PROBLEM REQUIREMENTS.
Look through the data below for the line with "職歴が多彩なアカスズメフクロウ🦉 最近は新卒採用まわりメインで活動中" and the line with "DMでの壁打ちや雑談歓迎してます!", then output those two and all lines in between, exactly as written.

RECORDS.

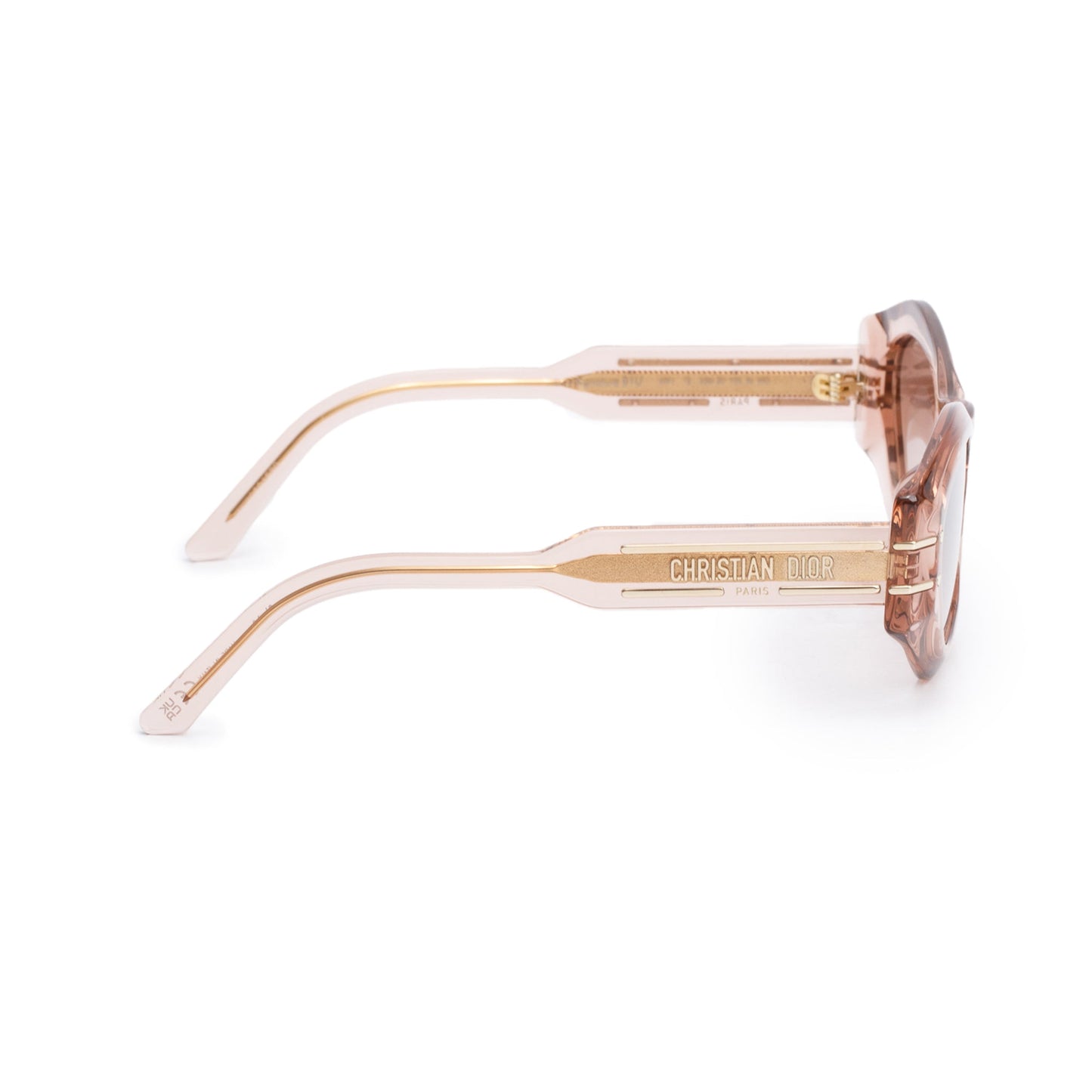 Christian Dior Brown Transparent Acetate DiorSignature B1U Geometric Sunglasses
...
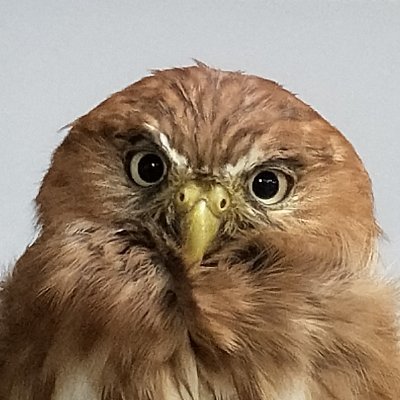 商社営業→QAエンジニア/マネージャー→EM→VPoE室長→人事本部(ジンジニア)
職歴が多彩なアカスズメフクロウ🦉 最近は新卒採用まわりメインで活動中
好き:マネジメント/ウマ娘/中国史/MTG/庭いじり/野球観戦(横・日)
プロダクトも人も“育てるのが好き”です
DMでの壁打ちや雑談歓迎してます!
...
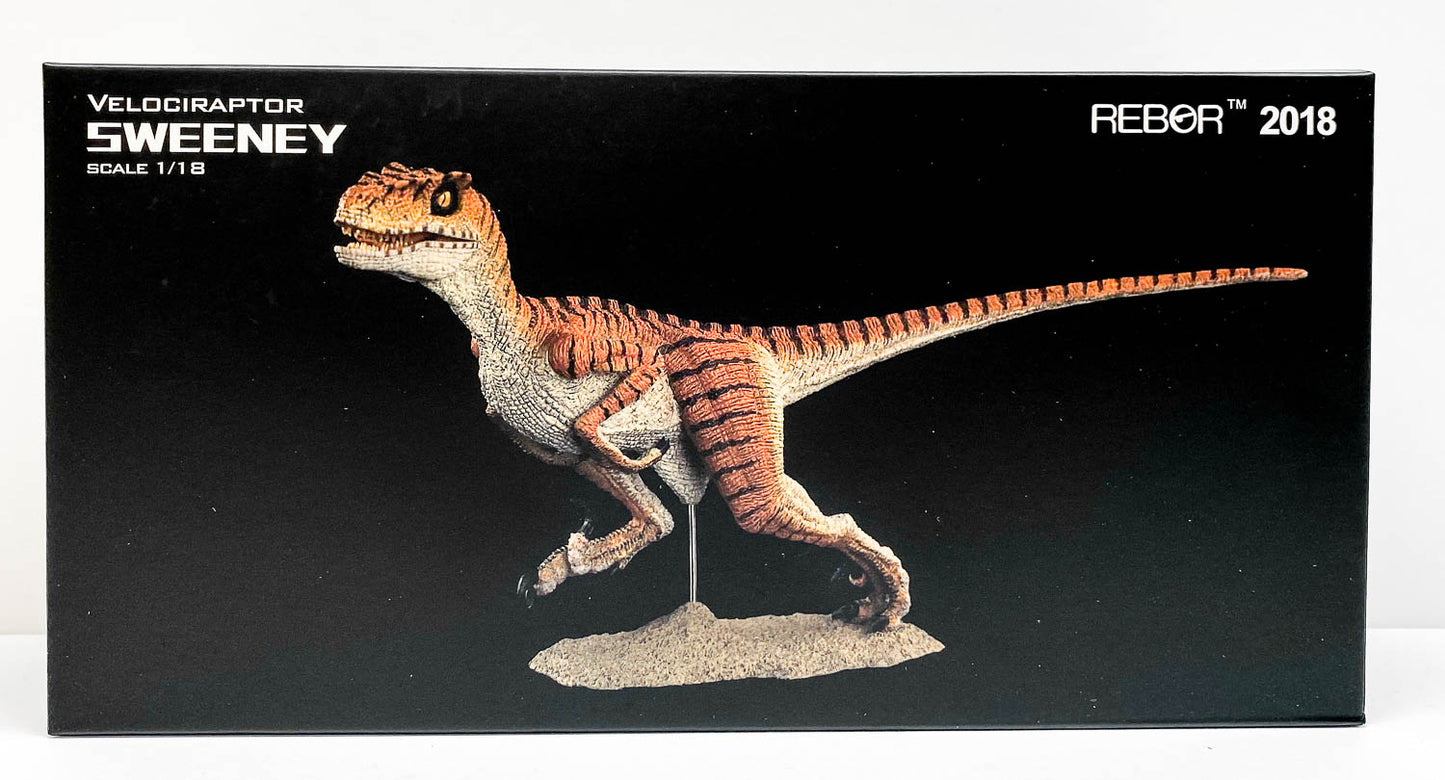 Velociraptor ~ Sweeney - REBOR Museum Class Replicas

SOLUTION.
職歴が多彩なアカスズメフクロウ🦉 最近は新卒採用まわりメインで活動中
好き:マネジメント/ウマ娘/中国史/MTG/庭いじり/野球観戦(横・日)
プロダクトも人も“育てるのが好き”です
DMでの壁打ちや雑談歓迎してます!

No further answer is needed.